Viktor pushed his hair out of his eyes and looked at Yuri, confused. “My mother? No, it was my first coach.”  Viktor pressed his palm against Yuri’s cheek and Yuri tilted his face up, waiting, but Viktor shook his head. “Ah, no kisses! I don’t want to get sick. Now,” he said, pulling out his phone, “what do you want to eat tonight?”

Yuri blinked. “I’m...sure whatever you make will be fine.”

“We don’t have anything in the fridge and I’m not leaving you alone when you’re sick to go grocery shopping! How does Italian sound?”

Now, at last, Yuri’s up. He’s alone, as usual for this hour of the morning, shaking the lingering fatigue from his body. He ignores the protests of his muscles as they’re forced to do work again. He’s been so good; the month that he and Viktor were apart, he’d poured himself into training with a kind of mad fervor so that he wouldn’t stay in bed all day. Yuri  knows, from the bruises that he’s glimpsed in the brief moments between shower and clothes, or climbing into bed and turning off the light, that Viktor’s done the same. It couldn’t really be any other way. He knows that, too.

But after a week of sleeping, punctuated mostly by pasta, he can feel all that hard work slipping away.

And, truth be told, he’s going a little crazy, stuck inside, even though he’s come to love this apartment.

He remembers the first time he set foot in here.  He thinks of Viktor, endearingly nervous and eager, as he ushered Yuri over the threshold all those months ago, before the Rostelecom Cup, asking: "Well, what do you think?"

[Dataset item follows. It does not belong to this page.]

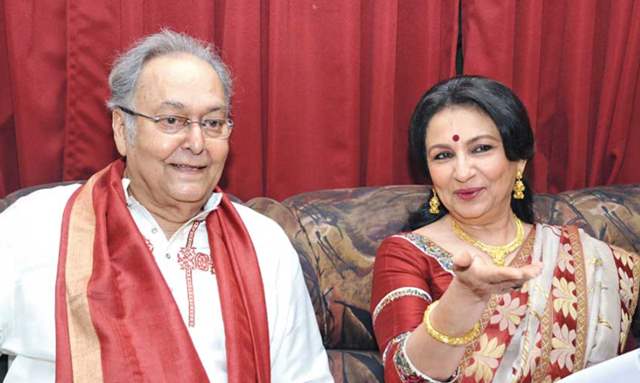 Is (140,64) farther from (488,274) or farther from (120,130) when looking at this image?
(488,274)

He tries not to cringe when he remembers his reply. “It’s even nicer than it looked in _GQ_!” he’d said, and then immediately wished for the floor to open up beneath him so that he could die with a shred of dignity.

But Viktor had just blinked, then laughed and pulled him into a hug before his embarrassment could engulf him entirely. “I’m so glad you like it,” he said, his mouth almost cool against the flame in Yuri’s cheek. “You know,” And here his voice changed, taking on that teasing note that curled through all of Yuri’s nerve endings. “You’re welcome to use anything inside these walls. Anything at all.”

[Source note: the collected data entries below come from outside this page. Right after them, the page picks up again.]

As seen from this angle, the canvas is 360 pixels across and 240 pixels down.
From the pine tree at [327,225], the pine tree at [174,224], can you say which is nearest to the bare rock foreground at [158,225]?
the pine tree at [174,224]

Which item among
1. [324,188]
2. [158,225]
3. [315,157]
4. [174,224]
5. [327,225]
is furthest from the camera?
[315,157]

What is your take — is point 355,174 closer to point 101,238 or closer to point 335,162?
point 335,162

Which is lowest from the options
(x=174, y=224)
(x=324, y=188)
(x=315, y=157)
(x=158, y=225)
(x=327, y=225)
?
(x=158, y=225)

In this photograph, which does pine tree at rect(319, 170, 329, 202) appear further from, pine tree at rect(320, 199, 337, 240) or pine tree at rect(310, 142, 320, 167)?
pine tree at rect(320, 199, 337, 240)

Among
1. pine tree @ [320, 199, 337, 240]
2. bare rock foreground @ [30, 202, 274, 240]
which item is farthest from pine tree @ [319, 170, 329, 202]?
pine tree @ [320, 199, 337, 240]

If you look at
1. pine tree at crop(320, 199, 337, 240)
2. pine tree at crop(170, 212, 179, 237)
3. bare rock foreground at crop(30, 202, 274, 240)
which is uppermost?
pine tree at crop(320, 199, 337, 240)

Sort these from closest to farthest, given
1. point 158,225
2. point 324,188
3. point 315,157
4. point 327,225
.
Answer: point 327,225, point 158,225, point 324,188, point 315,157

He laughs a little as he zips up his hoodie, thinking of what his expression must have looked like then.

Viktor had told him to rest for another day, but Yurio had texted him this morning, asking if he was going to bother showing up to practice or not, and the thought that he could be on the ice _right now_ but isn’t has suddenly become unbearable.

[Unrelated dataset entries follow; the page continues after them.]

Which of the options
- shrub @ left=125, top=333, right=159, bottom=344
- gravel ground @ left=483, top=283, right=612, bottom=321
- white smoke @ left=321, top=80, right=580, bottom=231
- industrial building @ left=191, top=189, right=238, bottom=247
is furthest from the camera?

The bridge where Viktor said they meet in the mornings before training is only a few miles away. It’ll be an easy run to stretch his legs and take in the blue sky, and the city he now calls home. Yuri wonders what Yurio’s expression will be when he sees his hair. He's pretty sure he knows what Viktor's will be when he sees him running towards them, but he'd like to find out for sure.

“Come on, boy,” he says to Makkachin, adjusting the straps on his backpack and taking his keys—complete with one of the sixty Hasetsu Castle key chains that Viktor bought and now hands out at every chance—down from the hook. “Let’s go surprise them.”

****

Yurio’s grown an inch and a half over the last three months, and though he’s still waifish, there’s something more adult, more solid, about the set of his shoulders. He’s suffering from growing pains, skin pulled taut over bones that crack themselves into shape.

Viktor spends almost half an hour before practice massaging his legs one day, when he finds Yurio biting his lips and fighting tears as he stretches. It says something that he doesn’t complain once.

“I’ve put on two pounds in the last week.”  Yurio says quietly, somewhere to the left of Viktor's shoulder, after a few minutes. “I can feel my center of gravity shifting every day. My balance is shit.”

“Yes,” Viktor agrees. “I noticed.” He presses a thumb into the back of Yurio’s calf and waits until the muscle spasm subsides. “I remember what that’s like. You will need to learn to land jumps differently, and be patient while you regain your skills. And your fundamentals are good. That will help.” Yurio nods miserably. “Don’t worry, I don’t think you’ll be so tall as me. I grew three inches in one summer.” He sighs at the memory. “I wished I was dead.”

Yurio clicks his tongue against his teeth. “Stupid.”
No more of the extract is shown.